### WORK INSTRUCTION
Below is a listing with pictures in it; transcribe exactly the lines from the one that has "Chanel Sweet Heart" through the one that has "<b>Comparado al promedio:</b> 2.0x", and omit those pictures.

──────── SOURCE DATA ────────

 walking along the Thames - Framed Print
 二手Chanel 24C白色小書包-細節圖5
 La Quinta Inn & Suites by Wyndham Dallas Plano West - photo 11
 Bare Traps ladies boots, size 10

────────
──────── SOURCE DATA ────────

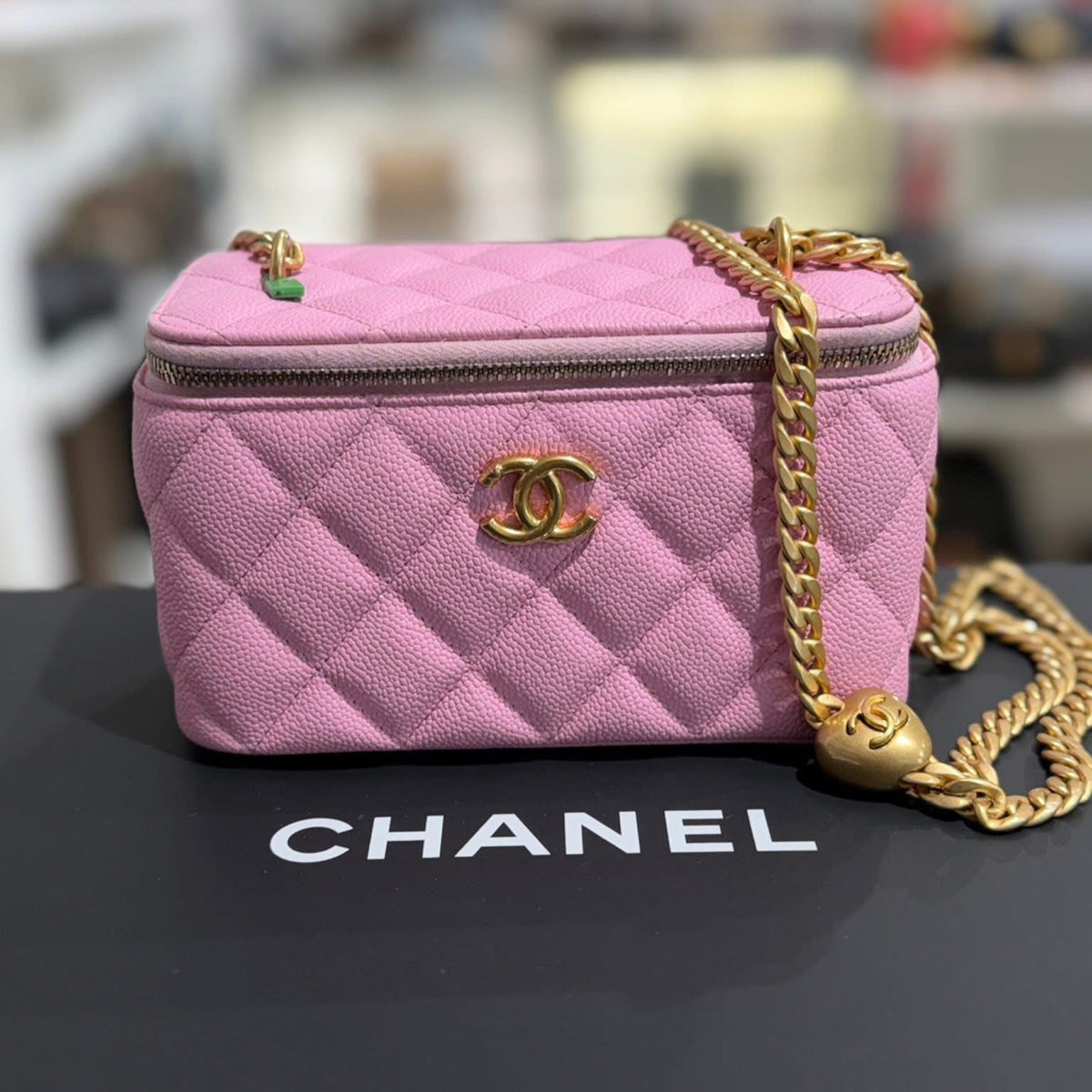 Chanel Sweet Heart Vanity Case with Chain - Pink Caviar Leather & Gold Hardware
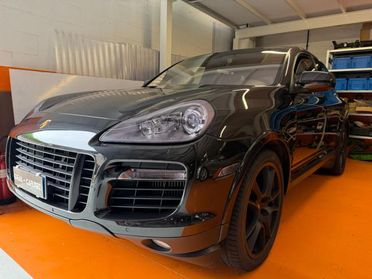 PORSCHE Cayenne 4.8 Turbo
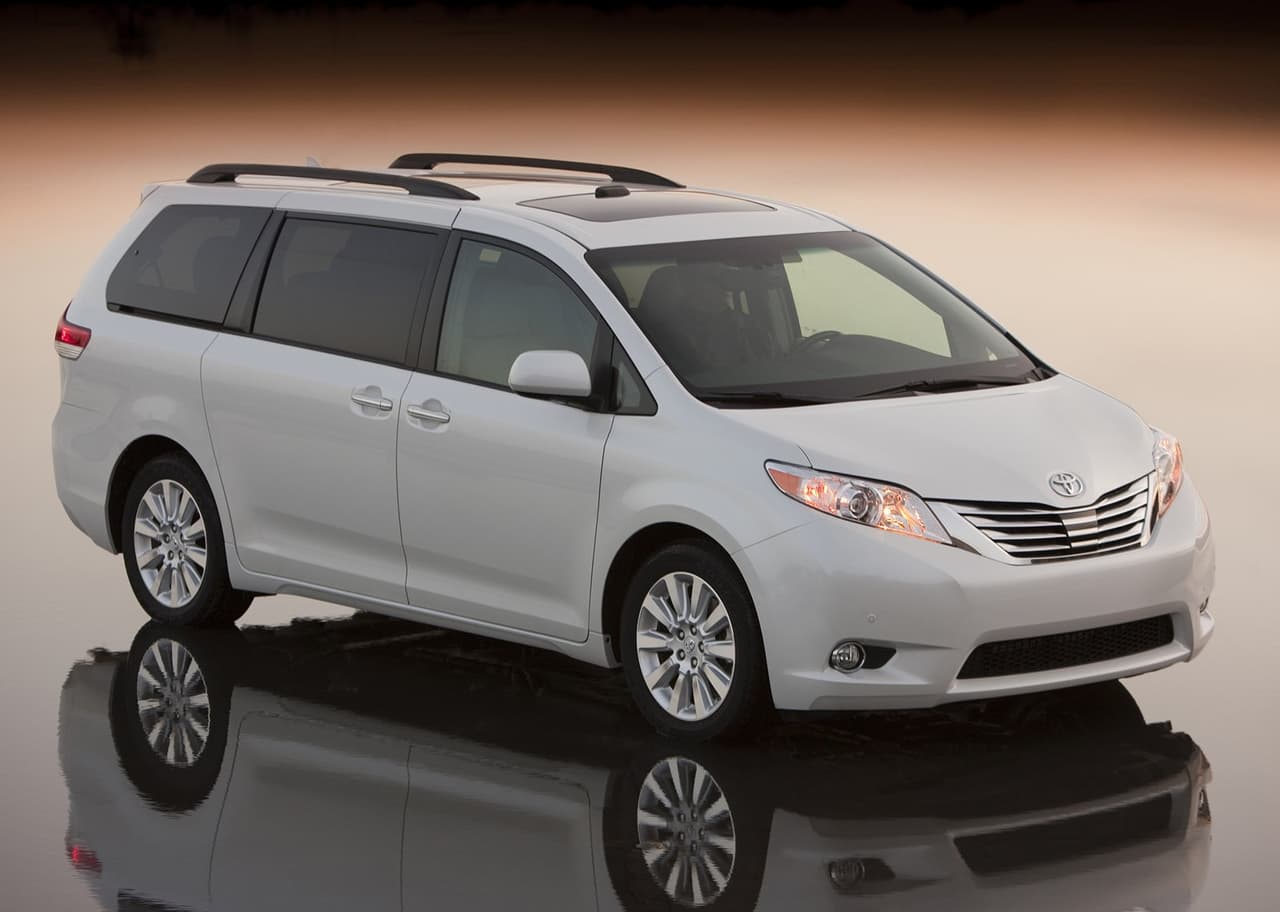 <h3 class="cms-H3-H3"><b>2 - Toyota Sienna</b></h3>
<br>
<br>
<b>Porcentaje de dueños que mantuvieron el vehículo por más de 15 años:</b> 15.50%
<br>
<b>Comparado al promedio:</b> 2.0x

────────

### ANSWER TO THIS TASK
 Chanel Sweet Heart Vanity Case with Chain - Pink Caviar Leather & Gold Hardware
 PORSCHE Cayenne 4.8 Turbo
 <h3 class="cms-H3-H3"><b>2 - Toyota Sienna</b></h3>
<br>
<br>
<b>Porcentaje de dueños que mantuvieron el vehículo por más de 15 años:</b> 15.50%
<br>
<b>Comparado al promedio:</b> 2.0x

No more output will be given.